Looking forward to meeting some new people whom I’ve only had the pleasure of communicating with online or snail mail. Chris Adamson, who has the excellent blog Books and Vines, will be attending the show along with a few others coming in from all parts of the world. Hope to see some of you there!

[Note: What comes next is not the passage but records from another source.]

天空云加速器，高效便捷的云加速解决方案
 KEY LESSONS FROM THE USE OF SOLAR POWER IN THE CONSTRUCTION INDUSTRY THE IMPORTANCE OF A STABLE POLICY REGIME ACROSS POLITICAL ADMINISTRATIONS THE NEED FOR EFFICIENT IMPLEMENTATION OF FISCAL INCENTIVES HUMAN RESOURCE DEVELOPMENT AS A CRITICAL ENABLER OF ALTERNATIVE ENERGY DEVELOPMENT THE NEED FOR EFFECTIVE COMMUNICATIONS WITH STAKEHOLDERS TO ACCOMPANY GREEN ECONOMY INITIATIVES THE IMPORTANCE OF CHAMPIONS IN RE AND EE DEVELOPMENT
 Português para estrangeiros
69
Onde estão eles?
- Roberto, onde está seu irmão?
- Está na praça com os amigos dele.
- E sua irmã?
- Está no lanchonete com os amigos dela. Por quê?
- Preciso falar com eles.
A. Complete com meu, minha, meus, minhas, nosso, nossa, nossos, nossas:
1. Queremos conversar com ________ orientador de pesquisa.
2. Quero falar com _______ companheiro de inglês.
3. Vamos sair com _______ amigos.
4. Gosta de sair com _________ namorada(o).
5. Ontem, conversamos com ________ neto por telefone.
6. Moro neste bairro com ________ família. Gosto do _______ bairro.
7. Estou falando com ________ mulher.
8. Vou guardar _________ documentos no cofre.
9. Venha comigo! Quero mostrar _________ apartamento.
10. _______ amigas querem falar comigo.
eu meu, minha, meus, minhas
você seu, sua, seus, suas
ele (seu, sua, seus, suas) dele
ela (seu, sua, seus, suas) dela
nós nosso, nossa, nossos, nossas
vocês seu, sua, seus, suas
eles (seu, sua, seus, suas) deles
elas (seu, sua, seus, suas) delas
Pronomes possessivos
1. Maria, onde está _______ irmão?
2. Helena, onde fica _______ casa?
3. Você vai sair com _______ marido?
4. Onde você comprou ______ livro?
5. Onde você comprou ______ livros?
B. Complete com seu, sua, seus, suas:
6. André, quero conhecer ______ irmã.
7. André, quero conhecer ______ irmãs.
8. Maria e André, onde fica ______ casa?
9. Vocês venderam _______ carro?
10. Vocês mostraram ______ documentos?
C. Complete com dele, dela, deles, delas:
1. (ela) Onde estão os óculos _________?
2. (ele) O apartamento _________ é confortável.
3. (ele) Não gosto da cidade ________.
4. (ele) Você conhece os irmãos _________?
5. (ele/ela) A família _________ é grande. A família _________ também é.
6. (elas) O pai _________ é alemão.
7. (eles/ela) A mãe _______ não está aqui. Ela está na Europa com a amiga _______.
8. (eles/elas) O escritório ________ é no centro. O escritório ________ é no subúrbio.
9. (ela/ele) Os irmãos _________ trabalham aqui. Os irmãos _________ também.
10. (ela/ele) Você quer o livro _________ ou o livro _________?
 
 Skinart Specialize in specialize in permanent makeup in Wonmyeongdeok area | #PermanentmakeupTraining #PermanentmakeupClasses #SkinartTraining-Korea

  • The Intruder, by Robert Traver with wood engravings by Jim Westergard
  • Heart of Darkness, by Joseph Conrad illustrated by Marc Castelli
  • The Path, by Sigrid Christiansen with lino cuts by Chad Pastotnik
  • Saturnalia, by H.P. Lovecraft with a collagraph by Chad Pastotnik
  • Killing The Bear, by Judith Minty with wood engravings by Glenn Wolff
  • There Be Monsters, written and illustrated by Chad Pastotnik with lino cuts
  • The Changeling’s Exile, by Gerard Wozek with an intaglio print by Chad Pastotnik
  • The Frogs Who Wished A King, Aesop with intaglio prints by Chad Pastotnik
  • Ripping Oblivion, written and illustrated by Steve Toornman with his intaglio prints
  • The Legend of Minisens, by Judith Hitz with lino cuts and intaglio by Steve Toornman, Meredith Krell and Chad Pastotnik
  • Folly, written and illustrated by Erin Murray with lino cut. Erin was my star apprentice a couple years back.


  • The Mad Angler’s Manifesto, by Michael Delp with lino cut by Chad Pastotnik
  • If, by Rudyard Kipling with a wood engraving by Chad Pastotnik
  • Along With Youth, by Ernest Hemingway with a wood engraving by Jim Horton
  • The Trout in Winter, by Jerry Dennis with an intaglio print by Glenn Wolff
  • Where They Run, map of Montauk Point, Long Island. Intaglio by Glenn Wolff
  • September Inverness, by Robert Hass

I’ll also have along some other small ephemera which is rarely seen outside the studio.